ArcelorMittal South Africa’s (Amsa) closure of its longs steel business will affect 3 500 employees who are set to lose jobs and will impact iron ore suppliers such as Afrimat, with further effects on the local local automotive industry that relies on the company for supplies, leaving a serious dent on the country’s industrial sector.
This comes as Amsa in November 2023 announced a decision to suspend operations at its longs steel businesses although it kept the Vereeniging and Newcastle factories operational after widespread stakeholder concerns. This paved the way for engagements and negotiations with the government and other affected parties.
However, Amsa yesterday said there has been no respite or significant improvements to the conditions such as “persistent high logistics and energy costs” as well as “insufficient policy interventions” related to the export scrap tax.
It said these conditions had “left the longs business unsustainable” and threatened to have knock on effects on the rest of the company’s business.
“The board and management has had no option but to take the difficult decision to proceed with the wind down of the Longs Business, which will be placed into care and maintenance. The wind down will impact all long steel plants, including the Newcastle Works, Vereeniging Works, and the rail and structures subsidiary, AMRAS,” said the company.
Kobus Verster, CEO of Amsa said efforts over the past year had not translated into a sustainable solution.
He said although the government was “willing to listen” to the company’s concerns, it could have done more to avoid the current situation of closure of the affected plants. There had also been no government response yet after Amsa tabled its decision to suspend the longs steel business operations on December 21.
“Government is willing to listen (but) they could have done more especially where steel consumption is lower than years ago. We have to make sure the longs business does not drag down the flat business,” Verster told a media roundtable yesterday.
In a statement released by the company earlier in the day, he said “the issues tabled for resolution sought to level the playing field against international and local” competitors.
The issues raised, including policy interventions on tax and addressing of rail and port bottlenecks would have helped to “firmly address the structural problems” within the South African steel industry.
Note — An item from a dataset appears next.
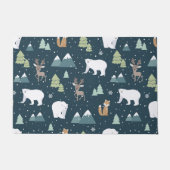 Cute Kerstwinter Animals Rustin Pattern Deurmat (Voorkant)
However, the Newcastle coke-making operations will continue although capacity will be scaled back to reflect the reduced demand.
Shares in Amsa plunged by as much as 20% in afternoon trade on the JSE yesterday where it traded around R1.20 per share. This erased the stock’s 11.94% year to date gains.
The suspension of Amsa’s longs steel business will cut market share down to 40% compared to 50% prior to the decision. It will also remove capacity of about 1 million tons as the business unit was already operating at nearly half of its total capacity of 1.8 million tons.
Amsa said as many as 3 500 employees will be affected, with the company set to open negotiations for retrenchments with workers’ unions.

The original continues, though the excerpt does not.